April 9, 2013—At a recent talk, Brewster Kahle, digital librarian and founder of the Internet Archive, held a black box—about the size of a book—aloft, and shared with his audience that it held more than 165,000 books. The four-terabyte hard drive held digitized, scanned, searchable PDFs from the collection at the University of Toronto.
“The idea of building the Library of Alexandria, version two, to have everything ever published, everything that was ever meant for public distribution—books, music, video, lectures, software, web pages—available to anyone who’s curious enough is technologically, legally and economically within our grasp,” he said.
At a talk hosted by Harvard Library Strategic Conversations, Kahle acknowledged that libraries are in the midst of some large-scale shifts. But he challenged his audience to think differently and connect with other institutions—including the Internet Archive—to make knowledge both free and available.
Emphasizing the importance of digitizing and archiving collections, Kahle said that the technology to archive books already exists: it’s simply a matter of having the person-power, dedication and access to digitize them. Scanning a book from beginning to end, Kahle said, takes an hour on average. Pointing out that the Library of Congress holds about 28 million books, Kahle said that a scanned book “requires about a megabyte [of digital storage]. So if you buy seven hard drives, you could hold all the words in the Library of Congress.”

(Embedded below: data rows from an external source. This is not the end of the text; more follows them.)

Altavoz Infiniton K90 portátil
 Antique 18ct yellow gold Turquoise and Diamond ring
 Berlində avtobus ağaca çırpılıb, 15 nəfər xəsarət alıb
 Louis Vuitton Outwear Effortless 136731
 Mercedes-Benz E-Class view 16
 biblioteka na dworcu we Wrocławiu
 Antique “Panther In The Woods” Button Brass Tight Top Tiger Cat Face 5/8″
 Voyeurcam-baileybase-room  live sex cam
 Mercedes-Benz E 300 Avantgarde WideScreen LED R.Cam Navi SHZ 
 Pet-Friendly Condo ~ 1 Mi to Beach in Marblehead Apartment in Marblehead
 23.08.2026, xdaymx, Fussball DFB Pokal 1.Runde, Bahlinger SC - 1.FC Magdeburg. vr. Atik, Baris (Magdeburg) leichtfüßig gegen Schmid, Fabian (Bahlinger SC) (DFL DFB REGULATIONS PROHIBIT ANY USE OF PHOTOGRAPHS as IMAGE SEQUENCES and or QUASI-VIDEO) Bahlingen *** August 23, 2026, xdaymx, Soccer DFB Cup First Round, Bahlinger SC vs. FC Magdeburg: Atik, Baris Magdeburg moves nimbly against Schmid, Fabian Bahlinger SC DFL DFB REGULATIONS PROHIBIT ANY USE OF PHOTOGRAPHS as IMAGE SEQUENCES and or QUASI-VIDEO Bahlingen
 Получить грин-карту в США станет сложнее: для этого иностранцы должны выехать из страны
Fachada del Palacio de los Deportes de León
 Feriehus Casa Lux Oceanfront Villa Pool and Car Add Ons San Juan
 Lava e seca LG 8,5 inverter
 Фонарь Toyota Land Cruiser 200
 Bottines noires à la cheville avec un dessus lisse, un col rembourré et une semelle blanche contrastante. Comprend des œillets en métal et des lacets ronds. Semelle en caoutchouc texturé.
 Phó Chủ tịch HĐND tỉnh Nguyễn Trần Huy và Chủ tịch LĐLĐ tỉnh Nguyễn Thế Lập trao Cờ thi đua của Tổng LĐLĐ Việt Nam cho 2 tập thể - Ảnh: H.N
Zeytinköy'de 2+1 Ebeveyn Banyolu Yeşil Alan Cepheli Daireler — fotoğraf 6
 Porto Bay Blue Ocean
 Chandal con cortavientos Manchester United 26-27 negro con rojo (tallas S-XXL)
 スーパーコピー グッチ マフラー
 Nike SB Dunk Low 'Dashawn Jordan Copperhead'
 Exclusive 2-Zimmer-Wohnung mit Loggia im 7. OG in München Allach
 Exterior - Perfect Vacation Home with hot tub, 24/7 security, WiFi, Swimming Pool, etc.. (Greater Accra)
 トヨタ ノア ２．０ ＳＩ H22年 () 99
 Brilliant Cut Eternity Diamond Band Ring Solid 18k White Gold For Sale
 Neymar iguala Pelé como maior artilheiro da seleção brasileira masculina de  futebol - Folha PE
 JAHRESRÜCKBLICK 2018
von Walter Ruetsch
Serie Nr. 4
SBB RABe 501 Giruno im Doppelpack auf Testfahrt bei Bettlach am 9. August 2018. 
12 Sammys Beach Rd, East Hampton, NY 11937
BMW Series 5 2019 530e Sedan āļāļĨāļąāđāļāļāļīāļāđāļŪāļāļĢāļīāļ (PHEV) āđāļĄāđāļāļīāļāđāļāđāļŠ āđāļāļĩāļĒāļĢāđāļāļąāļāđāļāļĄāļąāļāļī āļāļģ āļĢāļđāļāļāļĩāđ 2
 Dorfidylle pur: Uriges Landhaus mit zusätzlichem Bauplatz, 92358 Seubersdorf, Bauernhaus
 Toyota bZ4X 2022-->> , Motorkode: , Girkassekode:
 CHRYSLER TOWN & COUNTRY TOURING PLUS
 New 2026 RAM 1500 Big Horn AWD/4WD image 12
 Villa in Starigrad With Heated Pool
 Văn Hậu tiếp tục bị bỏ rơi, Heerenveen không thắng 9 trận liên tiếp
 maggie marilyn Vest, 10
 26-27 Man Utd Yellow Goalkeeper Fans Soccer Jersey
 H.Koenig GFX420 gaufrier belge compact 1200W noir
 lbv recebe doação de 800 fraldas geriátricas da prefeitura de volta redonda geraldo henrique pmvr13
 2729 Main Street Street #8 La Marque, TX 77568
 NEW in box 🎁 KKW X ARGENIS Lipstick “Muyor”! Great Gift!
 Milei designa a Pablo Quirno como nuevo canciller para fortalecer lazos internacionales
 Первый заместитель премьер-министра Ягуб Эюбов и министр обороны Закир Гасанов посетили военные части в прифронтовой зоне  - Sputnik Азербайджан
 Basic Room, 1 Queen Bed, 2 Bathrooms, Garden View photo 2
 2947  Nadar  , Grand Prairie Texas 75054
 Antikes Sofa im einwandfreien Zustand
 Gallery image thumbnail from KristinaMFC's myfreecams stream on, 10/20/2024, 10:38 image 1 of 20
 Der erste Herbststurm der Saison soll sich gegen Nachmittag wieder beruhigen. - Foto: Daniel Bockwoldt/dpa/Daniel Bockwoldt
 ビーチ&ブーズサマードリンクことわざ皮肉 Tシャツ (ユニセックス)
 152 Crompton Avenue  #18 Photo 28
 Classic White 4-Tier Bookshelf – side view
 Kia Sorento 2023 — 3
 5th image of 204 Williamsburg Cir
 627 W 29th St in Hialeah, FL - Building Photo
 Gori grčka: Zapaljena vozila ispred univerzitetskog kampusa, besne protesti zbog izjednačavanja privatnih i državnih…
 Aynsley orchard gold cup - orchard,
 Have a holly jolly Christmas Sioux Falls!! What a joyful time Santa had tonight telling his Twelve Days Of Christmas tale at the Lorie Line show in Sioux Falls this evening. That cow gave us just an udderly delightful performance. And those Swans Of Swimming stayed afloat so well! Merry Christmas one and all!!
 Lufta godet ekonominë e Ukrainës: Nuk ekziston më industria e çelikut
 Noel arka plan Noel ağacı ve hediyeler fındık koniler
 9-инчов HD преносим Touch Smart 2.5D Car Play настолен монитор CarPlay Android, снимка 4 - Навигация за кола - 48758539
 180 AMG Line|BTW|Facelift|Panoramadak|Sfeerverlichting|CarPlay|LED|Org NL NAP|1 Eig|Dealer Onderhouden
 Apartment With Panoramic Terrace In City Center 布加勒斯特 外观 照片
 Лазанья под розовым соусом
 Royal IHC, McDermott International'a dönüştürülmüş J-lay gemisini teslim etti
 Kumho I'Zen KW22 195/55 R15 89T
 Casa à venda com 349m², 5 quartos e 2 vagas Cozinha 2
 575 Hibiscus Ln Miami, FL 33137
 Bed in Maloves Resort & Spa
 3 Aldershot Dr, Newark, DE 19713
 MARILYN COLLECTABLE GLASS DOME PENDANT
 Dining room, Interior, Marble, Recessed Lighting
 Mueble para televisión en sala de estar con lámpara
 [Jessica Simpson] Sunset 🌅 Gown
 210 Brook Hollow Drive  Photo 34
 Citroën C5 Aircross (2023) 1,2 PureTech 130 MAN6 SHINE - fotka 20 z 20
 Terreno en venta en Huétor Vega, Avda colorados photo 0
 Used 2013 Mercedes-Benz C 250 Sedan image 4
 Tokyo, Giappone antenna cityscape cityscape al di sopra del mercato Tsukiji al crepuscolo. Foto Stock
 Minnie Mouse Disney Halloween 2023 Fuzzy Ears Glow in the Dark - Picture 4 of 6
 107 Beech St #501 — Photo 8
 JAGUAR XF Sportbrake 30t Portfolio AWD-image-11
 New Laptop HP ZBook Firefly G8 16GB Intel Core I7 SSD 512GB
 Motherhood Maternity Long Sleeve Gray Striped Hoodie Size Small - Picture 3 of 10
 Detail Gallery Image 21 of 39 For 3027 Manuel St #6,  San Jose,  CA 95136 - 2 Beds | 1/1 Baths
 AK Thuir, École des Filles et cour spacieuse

Kahle said that Harvard could begin to archive its holdings and create greater access to knowledge through three steps: digitizing holdings for print-disabled readers; lending digital books across different library and university campuses, such as openlibrary.org; and participating in cooperative scanning—essentially creating a digital scan and swap with other libraries—which results in lower costs.
Kahle also backed a “scan one, get five” system with other libraries and collections: when the Harvard Library scans one book and makes it available to readers online, it would then get access to five books scanned and made available online by other libraries.
Kahle’s call to make all knowledge available is not limited to books: the Internet Archive also includes audio, such as its collection of Grateful Dead concerts. Archiving moving images, he said, helped millennials connect with previous generations through the television, advertisements, newsreels, etc. from previous eras. Kahle’s expansive vision includes the Internet itself, archiving web pages, which he said change every 100 days on average.
Kahle’s message included a plea for assistance, noting the value and importance of Harvard’s extensive collections. “Harvard’s position is tremendous,” he said. “Harvard has always been at the forefront of many organizations and structures. We can help digitally archive your collection. We can make those steps forward.”